Records shown: Begin

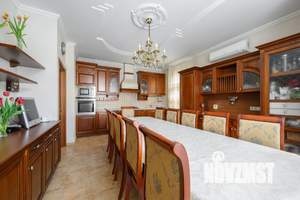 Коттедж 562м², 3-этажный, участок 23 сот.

Records shown: End
Records shown: Begin

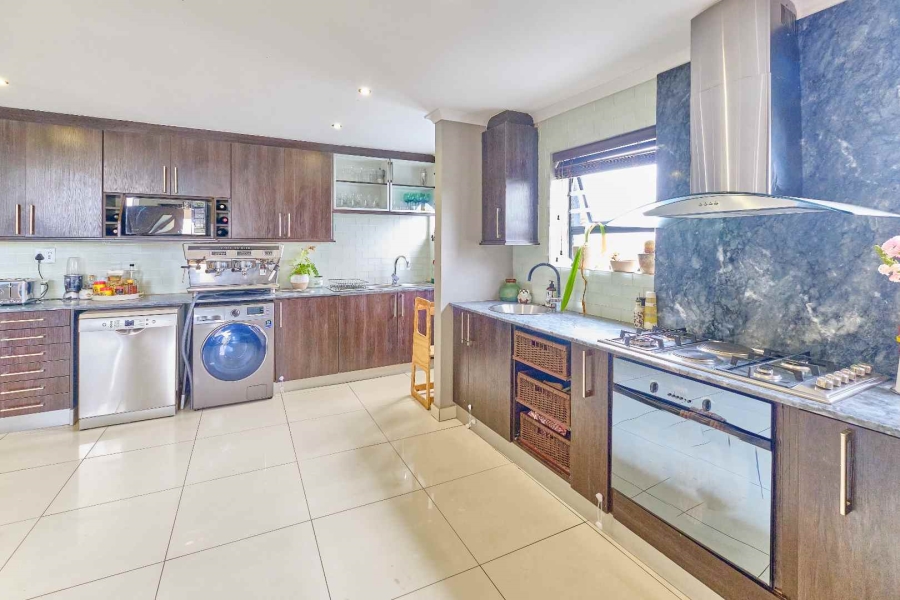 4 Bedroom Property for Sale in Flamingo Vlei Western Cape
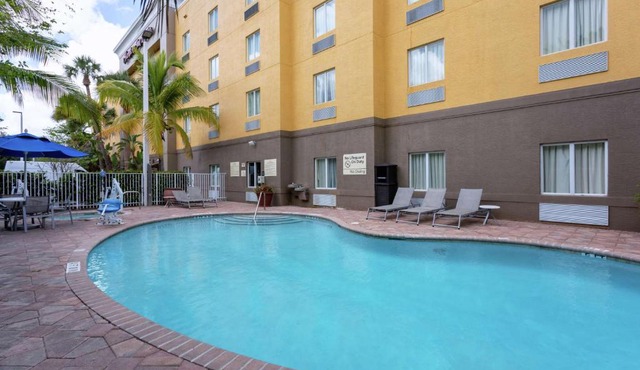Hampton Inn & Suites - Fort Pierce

Records shown: End
Records shown: Begin

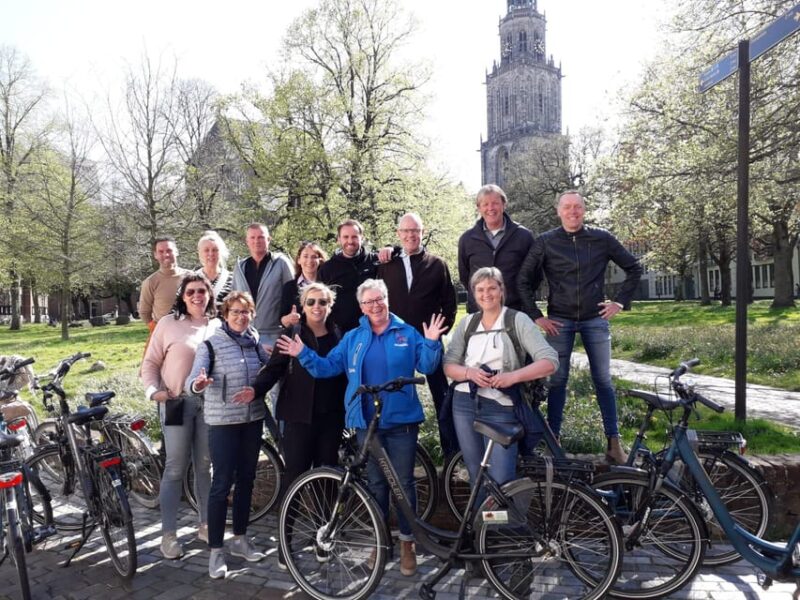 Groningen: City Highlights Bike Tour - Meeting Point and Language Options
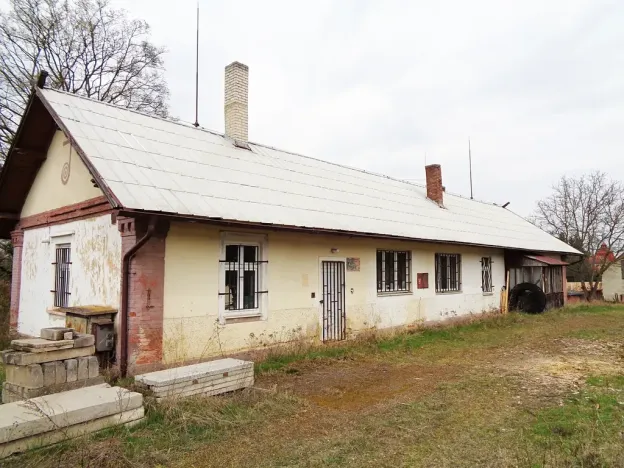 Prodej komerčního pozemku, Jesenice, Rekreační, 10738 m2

Records shown: End

- [What is being asked]
Your reply is to be an exact repeat of the listing above from the line holding "Groningen: City Highlights" down to the line holding "Prodej komerčního pozemku, Jesenice, Rekreační, 10738", ends included, pictures excluded.

- [Reply]
 Groningen: City Highlights Bike Tour - Meeting Point and Language Options
 Prodej komerčního pozemku, Jesenice, Rekreační, 10738 m2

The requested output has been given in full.